Review by Bob Ignizio
Exploitation filmmaker Herschel Gordon Lewis began his career by asking himself a simple question: “What kind of motion picture might there be that the major companies either could not make or would not make?” At the time, which was the 1960s, the answer was to make films that played up nudity and gore. These days, with Hollywood largely having taken over the horror business from the independents, and hardcore pornography having replaced the far more innocent “nudie cuties” of Lewis' time, the answer to that question would be very different. One possibility: movies starring and about middle aged women that deal with their issues. Hollywood sure isn't making many of those.
Susan Seidelman (DESPERATELY SEEKING SUSAN, Sex and the City) helps fill that void with her latest film THE HOT FLASHES which, despite a cast of well known female stars and Seidelman's own track record, is being distributed by small independent company Vertical Entertainment. The film had a very limited theatrical run, but most who discover it will likely do so on DVD/Blu Ray or through streaming services like Netflix (which is where I came across it).
THE HOT FLASHES stars Brooke Shields as Beth, a former star player for her small Texas town's high school basketball team turned dissatisfied housewife/mom. Beth learns that a mobile breast cancer screening truck started by her deceased friend Tess (also a former high school basketball player) is about to lose its funding. To save the truck, Beth comes up with an unusual idea for a fund raiser: put together a team of Tess' former teammates to take on the current girls' high school team, which just happens to include Beth's daughter Jocelyn (Charlotte Graham).

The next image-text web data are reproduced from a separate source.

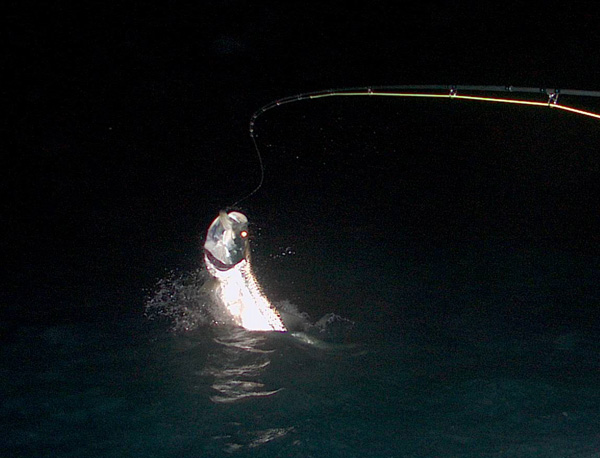 Florida Keys Night Time Jumping Tarpon, Don Butler April 17, 2009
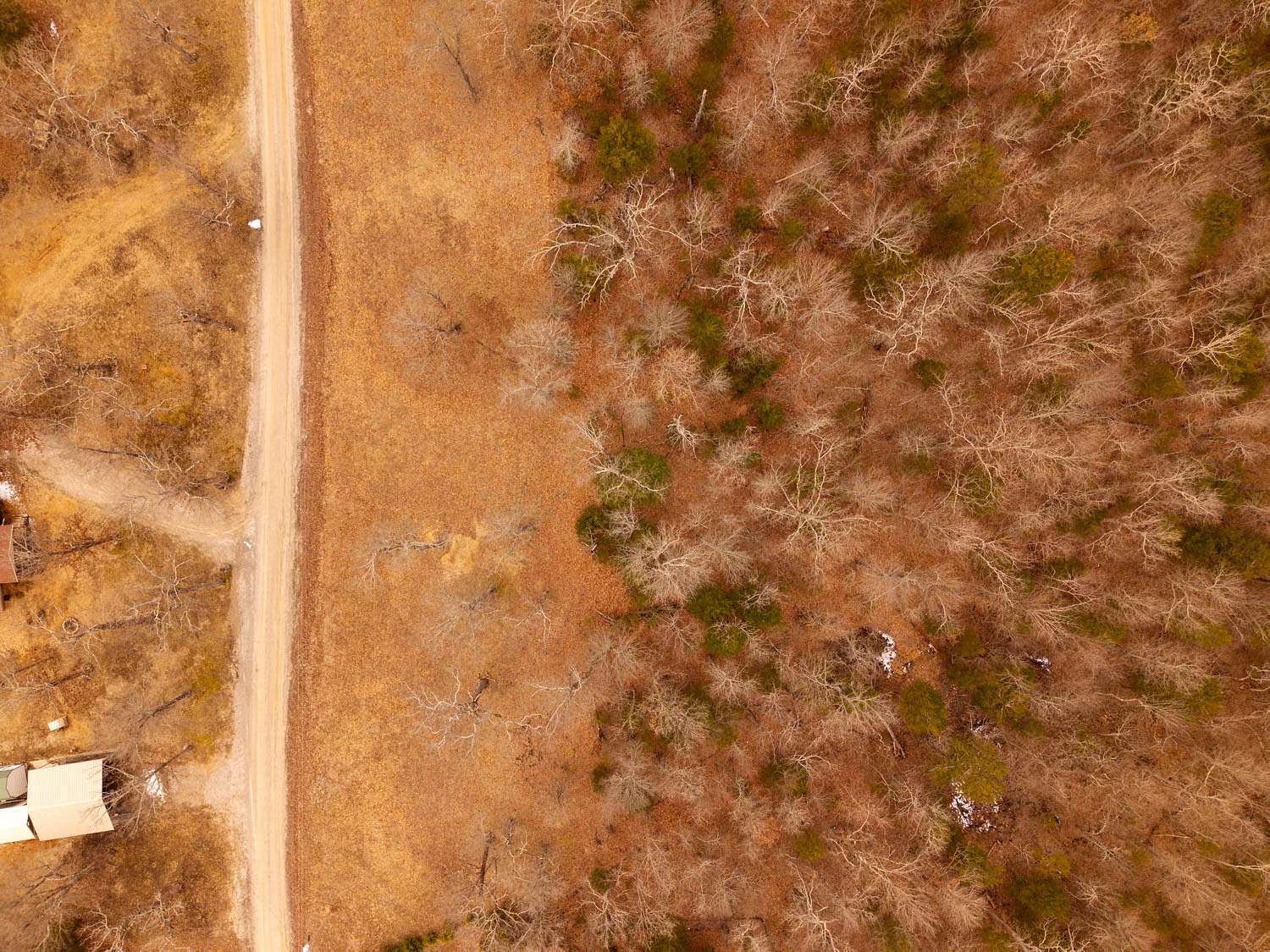 5 Acres of Land for Sale in Gepp, Arkansas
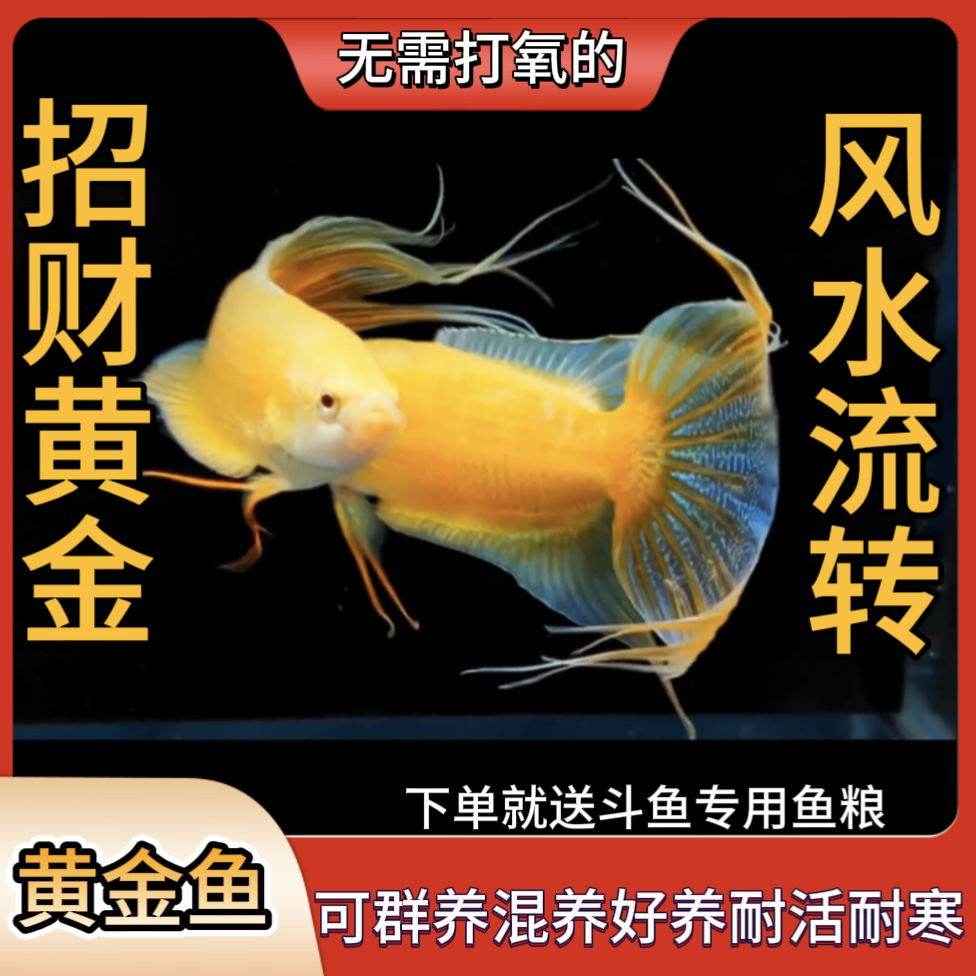 招财鱼黄金活鱼中国斗鱼淡水金鱼好养耐活冷水鱼自来水免打氧鱼苗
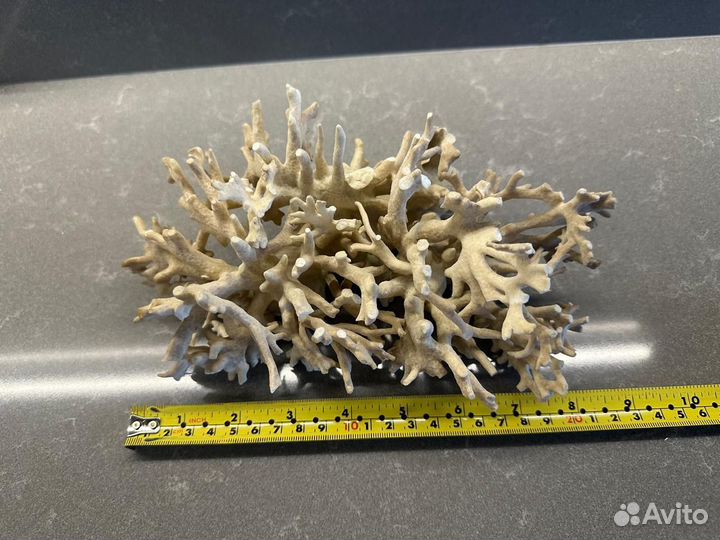 Морские кораллы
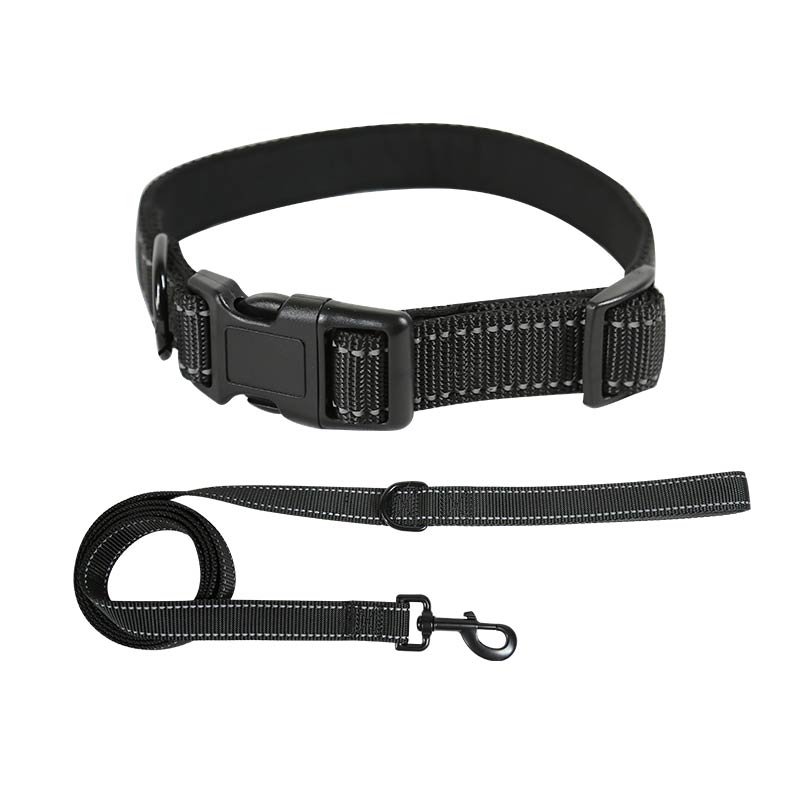 Reflective Nylon Dog Collar Leash Set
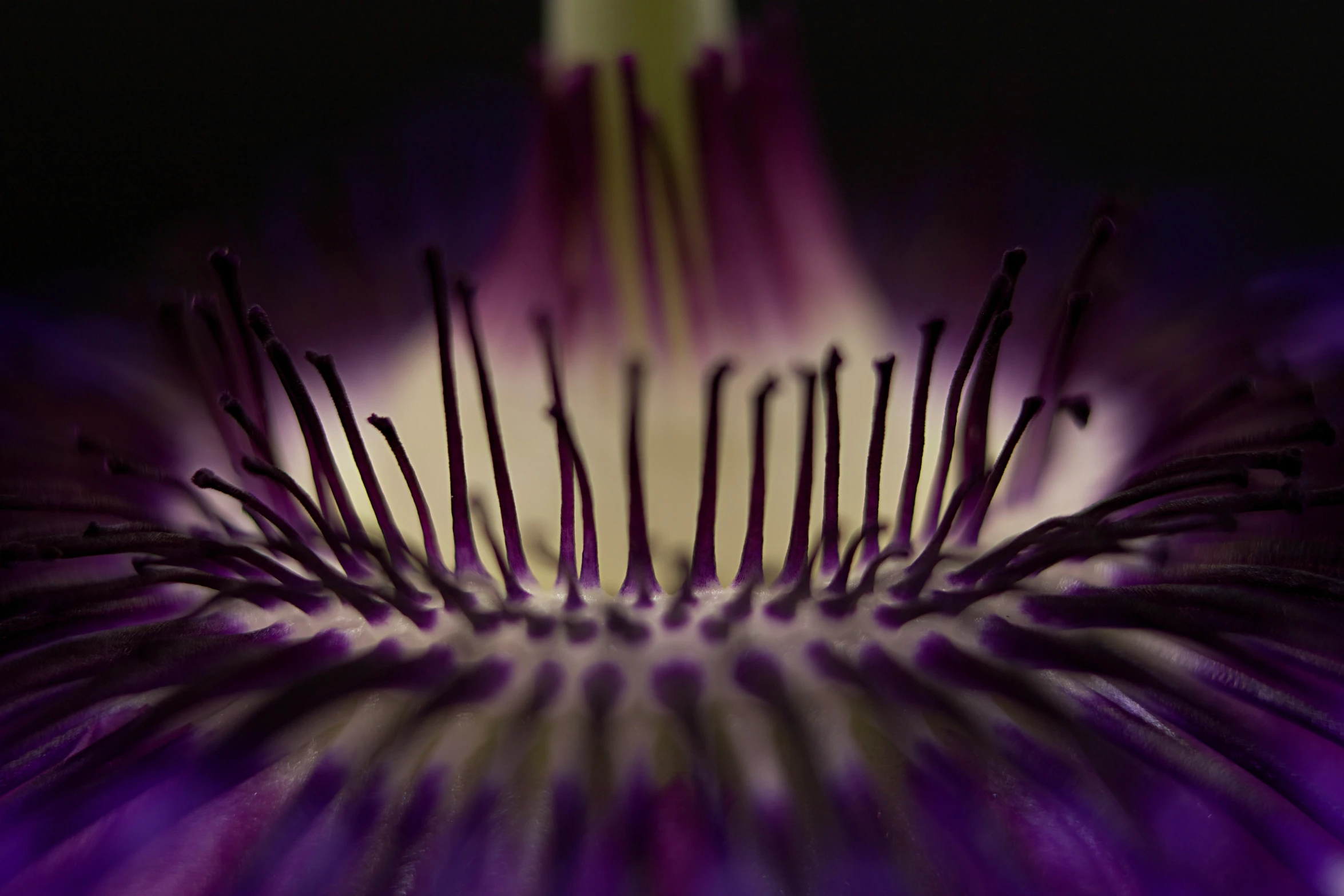 a close up view of an exotic purple flower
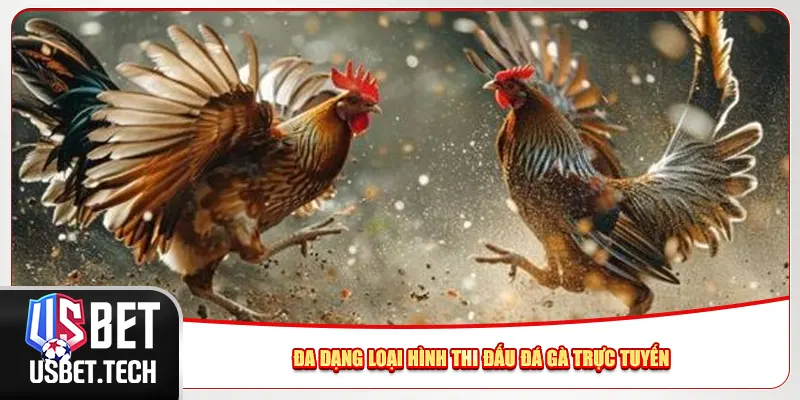 Đa dạng loại hình thi đấu đá gà trực tuyến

At first it appears as though the idea will be stillborn. Even Beth's own husband Lawrence (Eric Roberts) is dismissive of his wife's efforts, proclaiming that she'll give up like she always does and (like all the town's unenlightened menfolk) referring to the screening truck as “Tess' traveling titty tester”. But Beth perseveres, eventually assembling her dream team of pothead/biker Roxie (Camryn Manheim), alleged slut Clementine (Virginia Madsen), car dealer/closeted lesbian Ginger (Daryl Hannah), and the predominantly white town's first black mayor Florine (Wanda Sykes). Now all she needs to do is get her team of middle aged misfits in shape and convince Coach Slaughter (Carl Palmer), who just so happens to be one of Clementine's exes, to accept their challenge.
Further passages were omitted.